I have never investigated a crime scene nor have I worked the night shift as a police officer, but Joseph Knox made me feel as though I was deeply invested in such work with his novel about Officer Aidan Waits. “The Smiling Man,” a literary noir, is the story of how a crime is solved after an unidentified body is discovered in an empty hotel.
Responding to a routine break-in at the hotel where a lone guard stands watch inside, Waits and his partner Sutty discover a body strapped to a chair in one of the rooms. The grimace on victim’s face indicates he has died painfully. He resembles a smiling man (hence, the title). The guard who began investigating the noises after his call to the police is found unconscious in the hallway on another floor. Waits and Sutty begin their investigation.
Waits tells the story from his point of view. The first-person narration allows the reader to understand how Waits follows the clues to unravel the murder mystery. There’s more going on with Waits than just this investigation, and we learn how his personal life is affecting his career. In a unique twist, his past experiences intersect with the solving of the crime.

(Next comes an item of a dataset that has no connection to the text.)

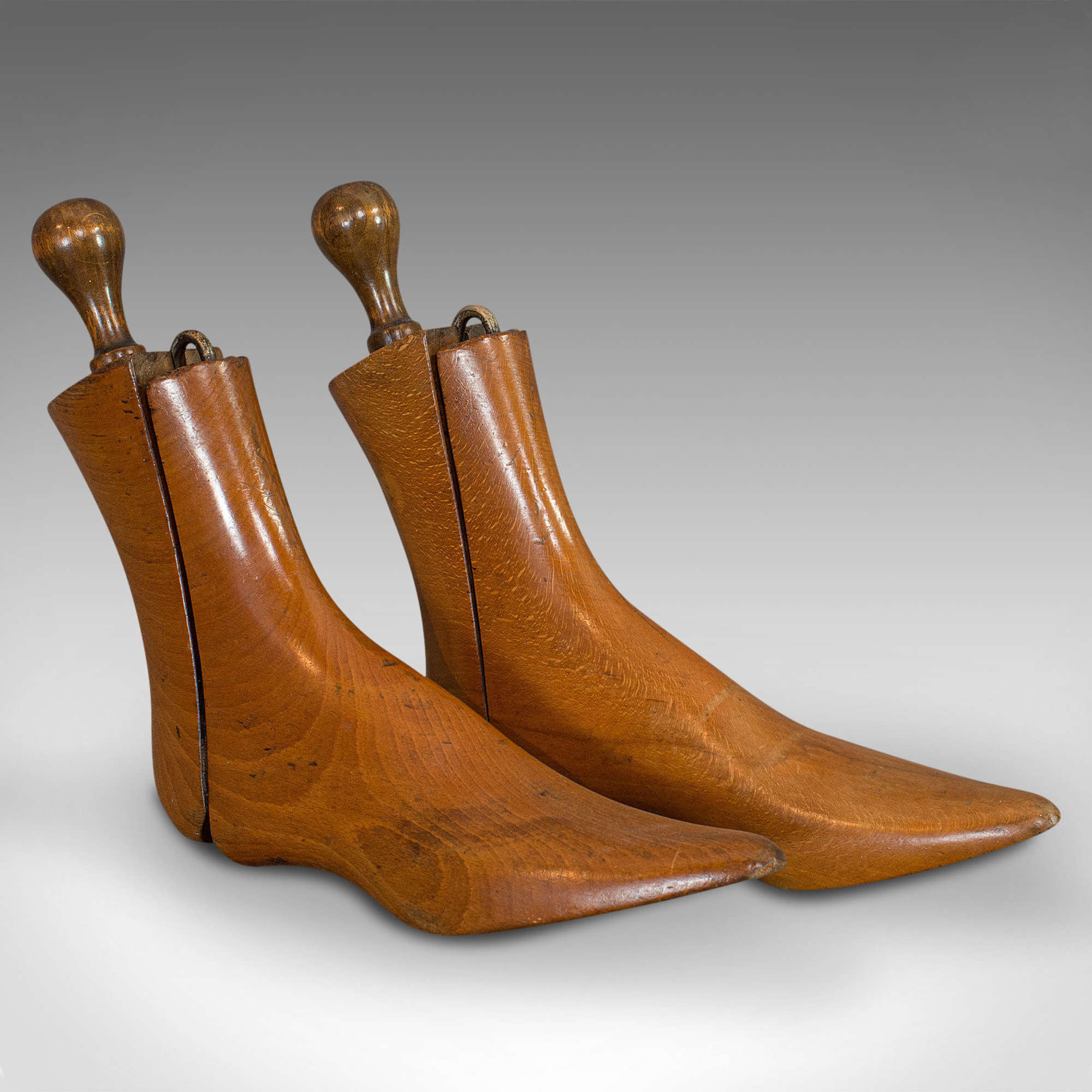 Antique Shoe Lasts C.1910
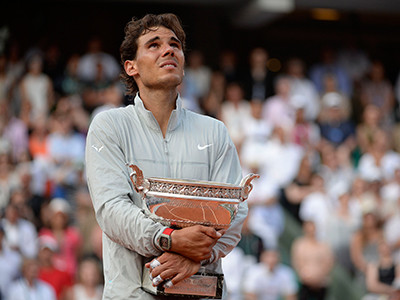 Rafael Nadal - Roland Garros 2014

Waits was abused as a child by his mother’s boyfriend, Bateman. At the age of eight, he was forced to approach the homes of unsuspecting people. Bateman, and often his mother, would appear after the door was opened to the little boy. They would then rob and often murder the occupants. The last robbery and murder Waits participated as a child intersects with Waits’ investigation of the murders in the hotel.
A recovering drug addict, Waits is on tenuous ground with his superiors. He has a hard time reigning in his temper because of his tumultuous past. Some comic relief is provided thanks to interactions with his partner Sutty, an obsessive user of hand sanitizer who frequently spouts coarse witticisms.

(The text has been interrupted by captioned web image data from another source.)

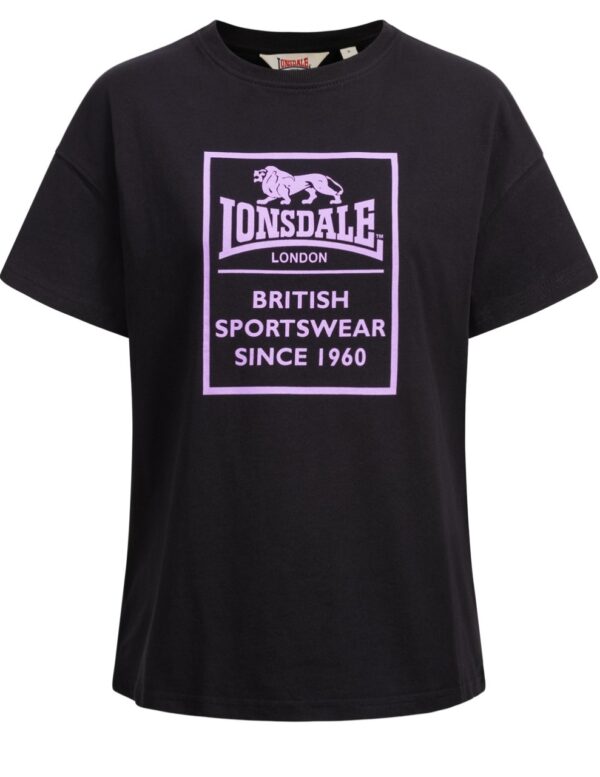 LONSDALE RAMSCRAIGS Oversize T-Shirt Damen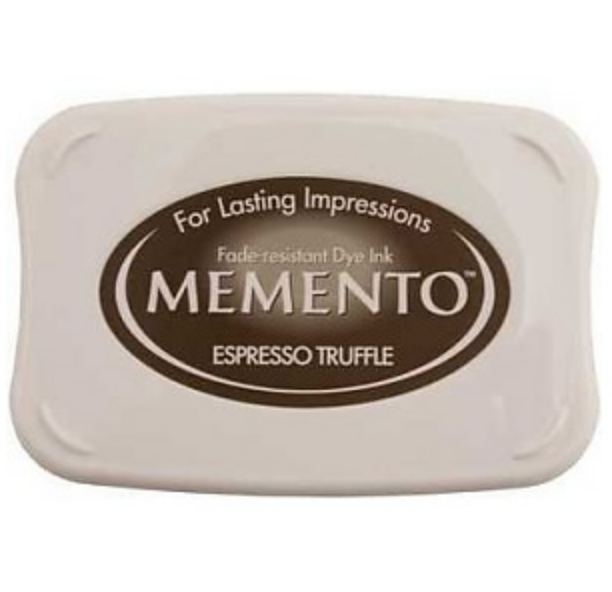 ME-808, Espresso Truffel Ink Pad 10 x 6 cm - Memento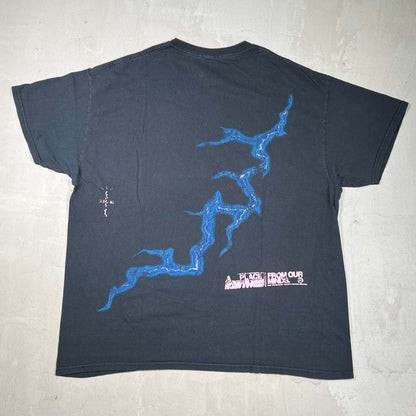 Cactus Jack Fragment Black Tee Size Large USED x18352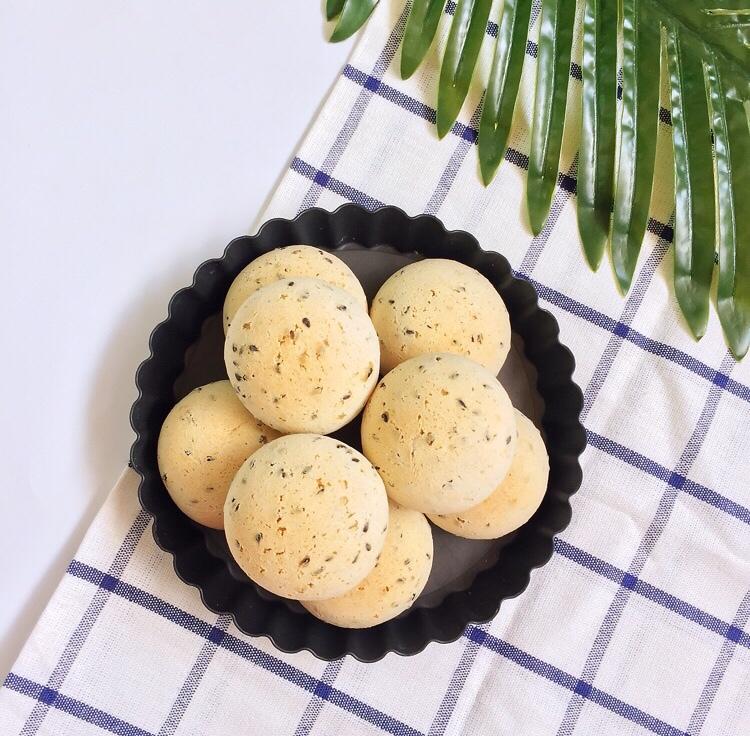 椰香麻薯包的做法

It could be hard to keep track of all the characters, but Knox ingeniously manages to link the past and present of Waits’ life to all the people connected with the crime investigation. Rather than spoiling the conclusion, I’d just like to say it’s satisfying, with warped personalities getting their just dues.
“The Smiling Man” is Knox’s second book in a series about Detective Aidan Waits. Because references were made to incidents and persons from the first book and because some characters reappear in this second book, I recommend that audiences who enjoy noir interspersed with terror read “Sirens” (2018) the first in this series.